Souvent, le patient peut ressentir des réactions dans son corps : dégagement de chaleur, sensation de circulation, de courant, impression de changement de position sans bouger, fourmis dans les mains, gargouillements viscéraux, endormissements répétés,… Toutes ces manifestations sont normales puisque le traitement agissant modifie les paramètres à partir duquel le corps fonctionne habituellement afin de retrouver son état de santé. Ces impressions disparaissent presque immédiatement à la fin de la séance ou les minutes qui suivent.

Le patient se relève doucement à la demande du thérapeute et il est important de prendre un dernier temps pour discuter de ce qui s’est produit pendant la séance, expliquer certaines sensations, et évaluer les suites nécessaires à donner ce traitement.

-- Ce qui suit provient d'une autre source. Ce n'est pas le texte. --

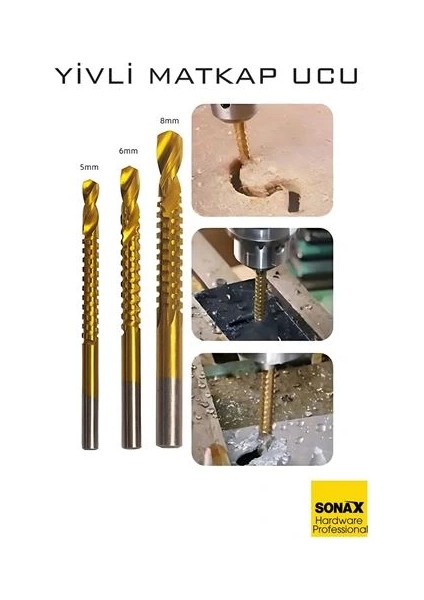 Bfs Yivli Matkap Ucu Hss Spiral Yivli Kademeli Matkap Ucu Metal Ahşap Plastik 5-8 mm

Après la séance ou dans les jours qui suivent, les symptômes pour lesquels il est venu consulté s’estompent et la personne ressent avoir comme plus d’énergie disponible. La santé toujours à l’œuvre et disponible en lui est simplement à présent capable d’étendre son action à des zones qui lui étaient peu accessibles. Afin de recevoir pleinement le bénéfice de la séance, il est conseillé de ne pas entreprendre d’activité physiques intenses dans les 3-4 jours qui suivent de préférence et de bien s’hydrater et se reposer. Il faut un temps suffisamment long pour pouvoir entreprendre une autre séance et il est en général préconisé d’attendre un minimum de 3 semaines avant d’envisager un prochain rendez-vous.

Bien sûr pour des cas de douleurs très aigues, et afin de ne pas laisser le patient seul dans sa douleur, il pourra être envisager de le revoir pour des traitements plus courts afin de l’aider à traverser plus rapidement la crise dans laquelle il est pris mais également de consulter en parallèle un kinésithérapeute, son médecin traitant, … Tout cela est à discuter avec le thérapeute mais il est important que le patient évite sans avis préalable de consulter trop de thérapeutes et de thérapies différentes en même temps et ce, afin d’éviter de surcharger son corps d’informations parfois contradictoires qui pourraient ralentir le processus de guérison au lieu de l’accélérer.